Do you have prefetch enabled? Is will in the background do a refresh for something that ttl is almost expired, etc.

What specific log are you looking at or what info where you getting cache reply from like your screenshot.

If I do a dig on pfsense for something.. that is cached, it sure isn't having to look that up..

[24.03-RELEASE][admin@sg4860.home.arpa]/: dig forum.netgate.com

; <<>> DiG 9.18.20 <<>> forum.netgate.com
;; global options: +cmd
;; Got answer:
;; ->>HEADER<<- opcode: QUERY, status: NOERROR, id: 47027
;; flags: qr rd ra; QUERY: 1, ANSWER: 1, AUTHORITY: 0, ADDITIONAL: 1

;; OPT PSEUDOSECTION:
; EDNS: version: 0, flags:; udp: 4096
;; QUESTION SECTION:
;forum.netgate.com.             IN      A

;; ANSWER SECTION:
forum.netgate.com.      3586    IN      A       208.123.73.71

;; Query time: 0 msec
;; SERVER: 127.0.0.1#53(127.0.0.1) (UDP)
;; WHEN: Thu Aug 29 15:08:38 CDT 2024
;; MSG SIZE  rcvd: 62

[24.03-RELEASE][admin@sg4860.home.arpa]/:

Do you really think unbound went out and talked to the authoritative ns and gave me back an answer it 0 ms? ie less than 1..

Please post the output of your dig command.. for example here is one where its not from cache. I then look it up again, and you can see got an answer in 0ms vs the 264 ms it took the first time where unbound had to resolve

[24.03-RELEASE][admin@sg4860.home.arpa]/: dig www.yahoo.com

; <<>> DiG 9.18.20 <<>> www.yahoo.com
;; global options: +cmd
;; Got answer:
;; ->>HEADER<<- opcode: QUERY, status: NOERROR, id: 40981
;; flags: qr rd ra; QUERY: 1, ANSWER: 3, AUTHORITY: 0, ADDITIONAL: 1

;; OPT PSEUDOSECTION:
; EDNS: version: 0, flags:; udp: 4096
;; QUESTION SECTION:
;www.yahoo.com.                 IN      A

;; ANSWER SECTION:
www.yahoo.com.          3600    IN      CNAME   me-ycpi-cf-www.g06.yahoodns.net.
me-ycpi-cf-www.g06.yahoodns.net. 3600 IN A      69.147.65.251
me-ycpi-cf-www.g06.yahoodns.net. 3600 IN A      69.147.65.252

;; Query time: 264 msec
;; SERVER: 127.0.0.1#53(127.0.0.1) (UDP)
;; WHEN: Thu Aug 29 15:12:46 CDT 2024
;; MSG SIZE  rcvd: 119

[24.03-RELEASE][admin@sg4860.home.arpa]/: dig www.yahoo.com

; <<>> DiG 9.18.20 <<>> www.yahoo.com
;; global options: +cmd
;; Got answer:
;; ->>HEADER<<- opcode: QUERY, status: NOERROR, id: 30
;; flags: qr rd ra; QUERY: 1, ANSWER: 3, AUTHORITY: 0, ADDITIONAL: 1

;; OPT PSEUDOSECTION:
; EDNS: version: 0, flags:; udp: 4096
;; QUESTION SECTION:
;www.yahoo.com.                 IN      A

;; ANSWER SECTION:
www.yahoo.com.          3592    IN      CNAME   me-ycpi-cf-www.g06.yahoodns.net.
me-ycpi-cf-www.g06.yahoodns.net. 3592 IN A      69.147.65.252
me-ycpi-cf-www.g06.yahoodns.net. 3592 IN A      69.147.65.251

;; Query time: 0 msec
;; SERVER: 127.0.0.1#53(127.0.0.1) (UDP)
;; WHEN: Thu Aug 29 15:12:54 CDT 2024
;; MSG SIZE  rcvd: 119

[24.03-RELEASE][admin@sg4860.home.arpa]/:

Along with response time, you can also almost always tell when something was served from cache vs having to be resolved because the ttl is some odd number as it has been counting down.. Notice in my first query the ttl is 3600, which is what the authoritative NS has set.
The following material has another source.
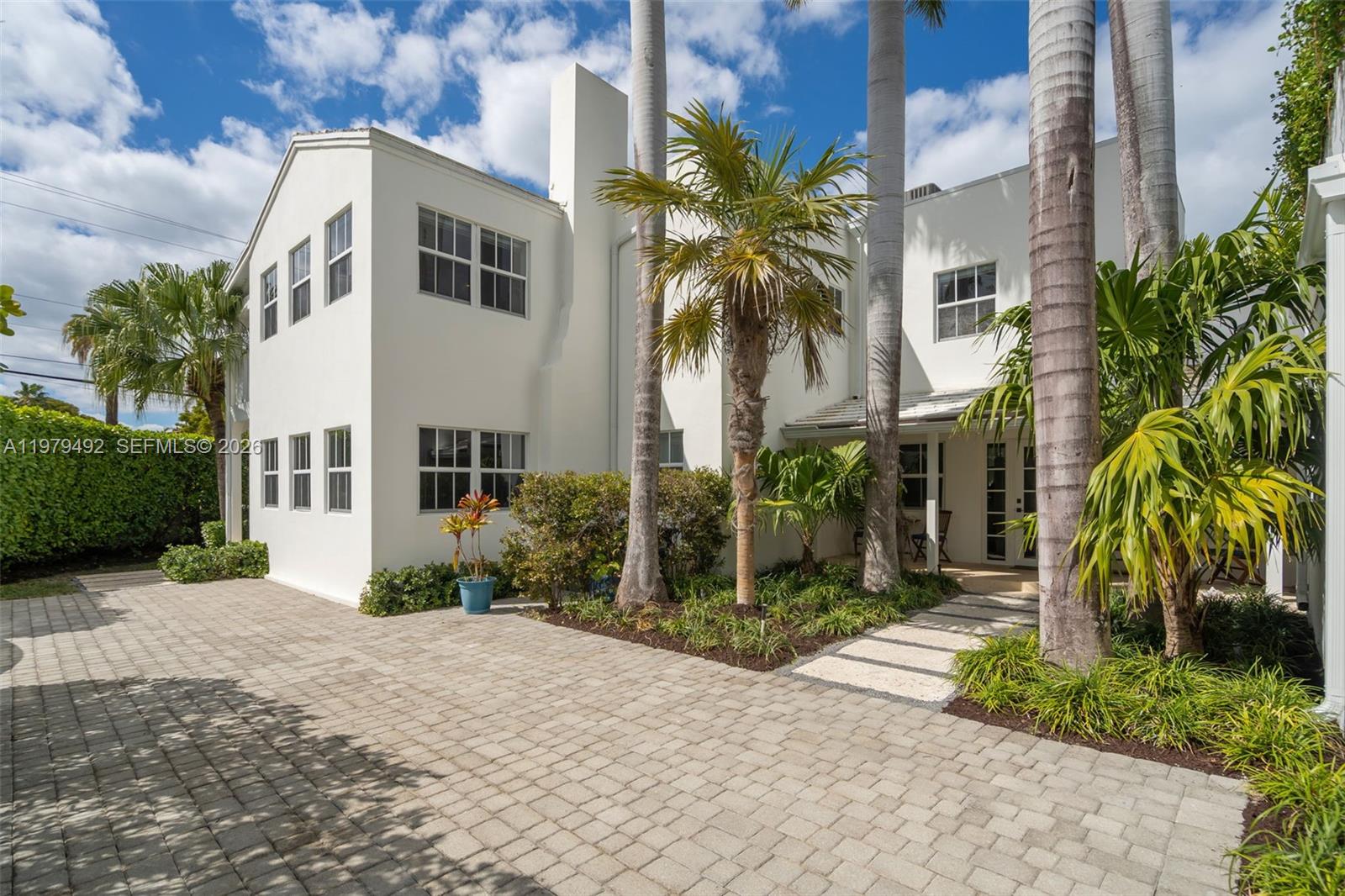 707 W 54th St Miami Beach, FL 33140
edit: here I started a sniff on my wan for port 53.. did dig for yahoo that is cached, no outside queries, then did one for cnn, and clearly you can see where that was resolved for.
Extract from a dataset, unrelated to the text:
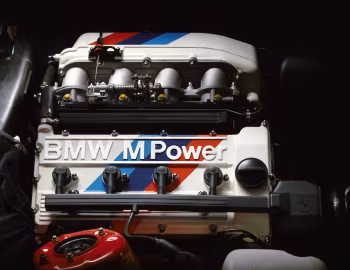 Bajo el capó BMW M3 Evolution II (E30) '03–06.1988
But you don't see anything for yahoo in the sniff.

you can even see the resolve process where it asked gltd server for the ns of cnn.com and then asked that ns and got back cname that it followed. But nothing for yahoo listed, because it didn't need to lookup anything because it served it from cache.

It didn't have to ask roots for gtld servers for .com, because it had those cached as well.

jrey

@johnpoz said in DNS Reply Resolver vs Reply and cache:

Or why you think its not being returned from cache?

Well, because I can see the hit on the upstream DNS that I also control sitting right in front of me (different screen) and a packet capture says it is going there and creating a cache record there if I delete the cache record there between queries) every time I or the netgate itself queries. 127.0.0.1 (itself, which is the default) You actually have to select localhost on the list this.

but this is interesting

dig microsoft.com using ssh (so most packages) look stuff up (pfblocker for example)

(the DNS gui page same thing) defaults to using 127.0.0.1 (as you mentioned)

so everything by default does in fact go there, there is IMHO no cache going on here (round trip traffic upstream with every query) it makes against itself 127.0.0.1

change nothing still ssh'd into the netgate and then query targetting the LAN's IP of the interface (which is still the netgate's unbound) so
dig microsoft.com (at)192.168.0.1
same response from server except reply/cache (1 round trip upstream / 1 cache)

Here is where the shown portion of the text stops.